Heterogeneity&Photo Stability
- We conducted correlative microscopy to study the interplay between nanoscale compositional heterogeneity and photo stability. We found that local A-site phase segregation leads to Cs-rich regions showing accelerated photodegradation in mixed-cation perovskite semiconductor films.
Lead-Free Perovskite Solar Cells
- We demonstrate that Cl incorporation in CH3NH3)3Sb2ClXI9–X leads to high-quality perovskite with two-dimensional layered phase favored for photovoltaics. The resulting lead-free perovskite solar cells reach a record-high power conversion efficiency over 2%.
Monolithic All-Perovskite Tandem Cell
- We fabricated the world’s first monolithic all-perovskite tandem cell via developing a novel charge recombination layer. The tandems demonstrated high open-circuit voltages that almost equal to the sum of the two subcells.
- J. Mater. Chem. A, 2016, 4, 1208–1213 (first author)

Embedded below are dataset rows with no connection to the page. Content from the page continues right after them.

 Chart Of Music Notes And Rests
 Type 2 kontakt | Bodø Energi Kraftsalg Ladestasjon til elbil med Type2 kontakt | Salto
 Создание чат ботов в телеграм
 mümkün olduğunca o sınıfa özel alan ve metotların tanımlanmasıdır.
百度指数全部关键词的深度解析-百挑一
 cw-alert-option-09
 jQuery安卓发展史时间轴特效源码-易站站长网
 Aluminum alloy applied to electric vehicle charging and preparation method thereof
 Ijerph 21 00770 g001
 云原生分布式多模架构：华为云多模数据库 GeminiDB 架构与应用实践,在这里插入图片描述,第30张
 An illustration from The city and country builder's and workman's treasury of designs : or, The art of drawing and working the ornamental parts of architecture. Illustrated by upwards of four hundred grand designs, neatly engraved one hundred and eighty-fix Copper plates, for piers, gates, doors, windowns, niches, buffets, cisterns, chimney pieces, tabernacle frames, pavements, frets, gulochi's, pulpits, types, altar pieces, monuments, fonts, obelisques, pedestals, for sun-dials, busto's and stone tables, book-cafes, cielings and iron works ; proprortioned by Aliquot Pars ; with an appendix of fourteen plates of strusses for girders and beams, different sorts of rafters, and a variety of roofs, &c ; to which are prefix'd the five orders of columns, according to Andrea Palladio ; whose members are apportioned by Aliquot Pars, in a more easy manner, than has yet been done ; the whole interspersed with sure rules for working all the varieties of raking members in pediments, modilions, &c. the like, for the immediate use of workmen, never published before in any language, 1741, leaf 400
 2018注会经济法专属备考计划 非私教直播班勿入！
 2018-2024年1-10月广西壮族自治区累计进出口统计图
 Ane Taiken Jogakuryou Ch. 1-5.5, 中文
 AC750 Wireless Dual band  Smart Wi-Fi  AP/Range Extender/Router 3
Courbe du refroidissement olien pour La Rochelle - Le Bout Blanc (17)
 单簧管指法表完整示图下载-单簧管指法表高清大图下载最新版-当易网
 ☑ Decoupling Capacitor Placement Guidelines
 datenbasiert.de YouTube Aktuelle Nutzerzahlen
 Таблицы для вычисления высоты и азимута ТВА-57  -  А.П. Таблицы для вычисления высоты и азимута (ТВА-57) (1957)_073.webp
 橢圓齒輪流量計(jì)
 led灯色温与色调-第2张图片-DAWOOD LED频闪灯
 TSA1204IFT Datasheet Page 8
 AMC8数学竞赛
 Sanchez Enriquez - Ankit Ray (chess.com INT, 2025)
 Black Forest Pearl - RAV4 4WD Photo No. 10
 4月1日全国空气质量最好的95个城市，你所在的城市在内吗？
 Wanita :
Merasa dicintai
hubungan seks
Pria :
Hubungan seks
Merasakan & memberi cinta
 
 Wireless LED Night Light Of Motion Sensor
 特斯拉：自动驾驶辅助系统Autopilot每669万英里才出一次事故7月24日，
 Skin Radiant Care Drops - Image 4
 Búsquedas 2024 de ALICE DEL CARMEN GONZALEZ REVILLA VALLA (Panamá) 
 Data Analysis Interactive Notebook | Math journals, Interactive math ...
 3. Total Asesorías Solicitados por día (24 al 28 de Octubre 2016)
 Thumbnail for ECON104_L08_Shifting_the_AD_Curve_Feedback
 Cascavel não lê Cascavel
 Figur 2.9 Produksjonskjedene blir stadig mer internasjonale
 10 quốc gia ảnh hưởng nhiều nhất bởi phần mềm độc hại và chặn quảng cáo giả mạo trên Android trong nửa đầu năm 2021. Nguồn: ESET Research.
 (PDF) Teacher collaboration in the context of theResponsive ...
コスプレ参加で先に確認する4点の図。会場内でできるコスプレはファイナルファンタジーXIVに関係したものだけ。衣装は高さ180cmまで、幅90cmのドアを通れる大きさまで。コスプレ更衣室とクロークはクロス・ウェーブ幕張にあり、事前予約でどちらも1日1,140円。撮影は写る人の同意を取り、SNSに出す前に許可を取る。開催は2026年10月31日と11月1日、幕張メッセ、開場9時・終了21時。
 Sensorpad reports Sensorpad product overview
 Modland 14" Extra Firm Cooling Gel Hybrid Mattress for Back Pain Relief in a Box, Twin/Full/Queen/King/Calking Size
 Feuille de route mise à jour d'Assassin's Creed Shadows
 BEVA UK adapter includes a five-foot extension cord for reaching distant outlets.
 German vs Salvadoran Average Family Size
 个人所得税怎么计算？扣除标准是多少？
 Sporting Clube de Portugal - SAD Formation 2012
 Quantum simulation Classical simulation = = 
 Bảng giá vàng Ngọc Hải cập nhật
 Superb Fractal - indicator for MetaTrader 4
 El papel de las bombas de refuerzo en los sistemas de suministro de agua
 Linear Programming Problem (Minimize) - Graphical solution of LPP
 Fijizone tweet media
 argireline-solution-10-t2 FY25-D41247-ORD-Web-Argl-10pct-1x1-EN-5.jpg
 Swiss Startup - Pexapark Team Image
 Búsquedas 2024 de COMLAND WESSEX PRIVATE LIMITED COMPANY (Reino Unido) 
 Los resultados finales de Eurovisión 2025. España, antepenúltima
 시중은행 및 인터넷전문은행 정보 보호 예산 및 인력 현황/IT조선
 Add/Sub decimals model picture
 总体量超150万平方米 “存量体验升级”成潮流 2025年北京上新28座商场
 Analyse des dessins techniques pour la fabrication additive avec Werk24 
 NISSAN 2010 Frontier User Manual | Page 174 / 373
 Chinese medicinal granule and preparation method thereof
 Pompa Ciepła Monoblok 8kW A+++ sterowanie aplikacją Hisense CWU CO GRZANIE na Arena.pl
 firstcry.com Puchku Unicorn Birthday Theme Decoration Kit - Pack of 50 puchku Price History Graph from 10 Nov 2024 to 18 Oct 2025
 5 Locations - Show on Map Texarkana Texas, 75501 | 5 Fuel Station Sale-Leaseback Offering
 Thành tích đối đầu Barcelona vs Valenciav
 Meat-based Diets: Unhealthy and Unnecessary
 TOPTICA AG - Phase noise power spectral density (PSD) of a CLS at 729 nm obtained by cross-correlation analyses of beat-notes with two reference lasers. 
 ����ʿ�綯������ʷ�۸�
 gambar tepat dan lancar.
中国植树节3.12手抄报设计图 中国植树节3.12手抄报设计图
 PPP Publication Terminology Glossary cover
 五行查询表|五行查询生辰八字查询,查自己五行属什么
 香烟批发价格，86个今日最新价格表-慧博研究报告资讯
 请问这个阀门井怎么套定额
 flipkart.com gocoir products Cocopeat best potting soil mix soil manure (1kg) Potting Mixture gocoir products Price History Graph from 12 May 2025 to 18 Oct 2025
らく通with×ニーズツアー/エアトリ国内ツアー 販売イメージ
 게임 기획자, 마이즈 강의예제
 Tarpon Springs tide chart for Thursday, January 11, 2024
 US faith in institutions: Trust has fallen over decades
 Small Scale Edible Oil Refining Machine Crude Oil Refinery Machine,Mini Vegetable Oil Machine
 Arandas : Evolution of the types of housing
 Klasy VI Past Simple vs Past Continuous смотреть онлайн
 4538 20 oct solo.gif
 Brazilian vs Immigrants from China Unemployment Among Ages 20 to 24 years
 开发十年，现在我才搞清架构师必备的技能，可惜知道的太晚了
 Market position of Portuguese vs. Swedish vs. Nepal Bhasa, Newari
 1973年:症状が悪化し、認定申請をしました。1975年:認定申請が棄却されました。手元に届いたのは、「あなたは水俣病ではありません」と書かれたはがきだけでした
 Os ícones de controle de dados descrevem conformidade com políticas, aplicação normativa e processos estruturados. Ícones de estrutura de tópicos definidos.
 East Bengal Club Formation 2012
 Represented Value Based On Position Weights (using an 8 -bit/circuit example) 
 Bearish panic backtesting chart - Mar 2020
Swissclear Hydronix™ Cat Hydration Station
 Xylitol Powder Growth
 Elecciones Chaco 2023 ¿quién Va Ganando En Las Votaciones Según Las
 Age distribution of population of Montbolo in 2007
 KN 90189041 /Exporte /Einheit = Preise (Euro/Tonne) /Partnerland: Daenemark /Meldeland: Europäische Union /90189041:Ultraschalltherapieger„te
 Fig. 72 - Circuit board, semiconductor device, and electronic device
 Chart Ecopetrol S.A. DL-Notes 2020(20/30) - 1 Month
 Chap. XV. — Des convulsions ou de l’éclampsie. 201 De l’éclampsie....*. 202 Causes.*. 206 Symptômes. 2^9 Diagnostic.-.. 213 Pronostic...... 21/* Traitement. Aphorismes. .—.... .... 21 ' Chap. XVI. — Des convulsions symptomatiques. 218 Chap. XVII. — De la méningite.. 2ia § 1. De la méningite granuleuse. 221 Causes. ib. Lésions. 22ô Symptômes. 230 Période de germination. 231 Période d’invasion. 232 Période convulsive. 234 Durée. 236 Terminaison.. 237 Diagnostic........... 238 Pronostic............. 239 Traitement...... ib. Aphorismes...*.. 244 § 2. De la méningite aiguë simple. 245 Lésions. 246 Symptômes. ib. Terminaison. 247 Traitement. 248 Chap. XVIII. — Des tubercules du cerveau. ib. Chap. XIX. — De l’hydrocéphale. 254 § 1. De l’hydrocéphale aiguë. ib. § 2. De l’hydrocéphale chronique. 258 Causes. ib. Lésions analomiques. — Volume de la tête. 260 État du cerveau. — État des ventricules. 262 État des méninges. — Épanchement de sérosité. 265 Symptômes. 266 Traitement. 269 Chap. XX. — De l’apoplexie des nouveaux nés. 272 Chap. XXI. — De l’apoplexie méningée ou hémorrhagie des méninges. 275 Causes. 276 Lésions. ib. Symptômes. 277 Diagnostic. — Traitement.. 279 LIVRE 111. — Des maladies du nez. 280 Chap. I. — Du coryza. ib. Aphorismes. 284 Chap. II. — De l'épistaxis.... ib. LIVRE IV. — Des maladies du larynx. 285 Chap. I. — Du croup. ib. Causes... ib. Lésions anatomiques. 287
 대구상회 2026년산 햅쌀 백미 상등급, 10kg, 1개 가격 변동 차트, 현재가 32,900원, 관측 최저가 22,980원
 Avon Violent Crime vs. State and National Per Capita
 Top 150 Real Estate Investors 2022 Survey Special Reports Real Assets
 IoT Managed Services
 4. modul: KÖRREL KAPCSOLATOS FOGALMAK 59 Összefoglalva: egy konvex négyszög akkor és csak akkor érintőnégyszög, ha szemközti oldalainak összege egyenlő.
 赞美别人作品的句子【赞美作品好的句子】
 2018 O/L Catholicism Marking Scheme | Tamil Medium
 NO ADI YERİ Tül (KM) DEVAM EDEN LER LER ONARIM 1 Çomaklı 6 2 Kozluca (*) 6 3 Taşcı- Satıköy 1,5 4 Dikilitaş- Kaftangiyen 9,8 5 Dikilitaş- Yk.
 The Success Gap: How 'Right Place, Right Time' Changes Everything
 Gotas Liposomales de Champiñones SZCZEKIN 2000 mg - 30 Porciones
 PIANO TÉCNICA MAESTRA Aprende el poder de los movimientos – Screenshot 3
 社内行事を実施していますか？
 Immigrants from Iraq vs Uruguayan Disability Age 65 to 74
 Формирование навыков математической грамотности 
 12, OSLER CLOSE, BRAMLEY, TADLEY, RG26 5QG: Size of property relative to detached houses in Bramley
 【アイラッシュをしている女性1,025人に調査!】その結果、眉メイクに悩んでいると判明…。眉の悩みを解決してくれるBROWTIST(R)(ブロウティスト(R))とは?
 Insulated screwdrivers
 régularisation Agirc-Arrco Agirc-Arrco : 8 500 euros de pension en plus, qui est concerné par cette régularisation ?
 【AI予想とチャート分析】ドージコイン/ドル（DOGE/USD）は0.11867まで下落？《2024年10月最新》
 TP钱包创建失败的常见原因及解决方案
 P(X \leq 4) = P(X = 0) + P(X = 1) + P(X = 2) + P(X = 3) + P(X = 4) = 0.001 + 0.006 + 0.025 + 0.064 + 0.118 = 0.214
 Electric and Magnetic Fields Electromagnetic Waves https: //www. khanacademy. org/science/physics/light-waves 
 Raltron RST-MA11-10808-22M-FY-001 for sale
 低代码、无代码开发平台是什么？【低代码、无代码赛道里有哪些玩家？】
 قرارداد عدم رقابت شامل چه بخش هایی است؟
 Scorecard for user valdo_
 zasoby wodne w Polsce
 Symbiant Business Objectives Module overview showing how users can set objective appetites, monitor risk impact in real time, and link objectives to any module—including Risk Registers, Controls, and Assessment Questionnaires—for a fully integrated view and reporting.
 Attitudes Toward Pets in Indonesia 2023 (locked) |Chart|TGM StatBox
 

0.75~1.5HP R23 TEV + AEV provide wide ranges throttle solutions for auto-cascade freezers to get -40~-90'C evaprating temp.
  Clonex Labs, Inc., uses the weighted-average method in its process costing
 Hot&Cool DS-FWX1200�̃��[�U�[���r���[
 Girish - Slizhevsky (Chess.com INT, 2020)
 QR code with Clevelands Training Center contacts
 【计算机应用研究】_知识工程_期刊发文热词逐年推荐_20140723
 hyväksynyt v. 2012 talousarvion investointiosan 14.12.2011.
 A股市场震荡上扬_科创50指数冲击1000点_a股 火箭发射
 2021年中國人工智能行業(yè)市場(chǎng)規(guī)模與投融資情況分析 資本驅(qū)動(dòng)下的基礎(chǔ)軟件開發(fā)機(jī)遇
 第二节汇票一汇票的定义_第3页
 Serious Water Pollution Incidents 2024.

Ion Migration in 2D Halide Perovskites
- We use scanning Kelvin prove microscopy to study ion migration in 2D halide perovskites under the effects of illumination and temperature . We found that ion migration varies with between purely-2D and methylammonium-incorporated quasi-2D perovskites
Colorful Perovskite Solar Cells
- We, for the first time, report a simple and efficient strategy to achieve colorful perovskite solar cells by using the transparent conducting polymer PEDOT:PSS as a top electrode and simultaneously as an spectrally selective antireflection coating. Vivid colors across the visible spectrum are attained by engineering optical interference effects among the transparent PEDOT:PSS polymer electrode, the hole-transporting layer and the perovskite layer.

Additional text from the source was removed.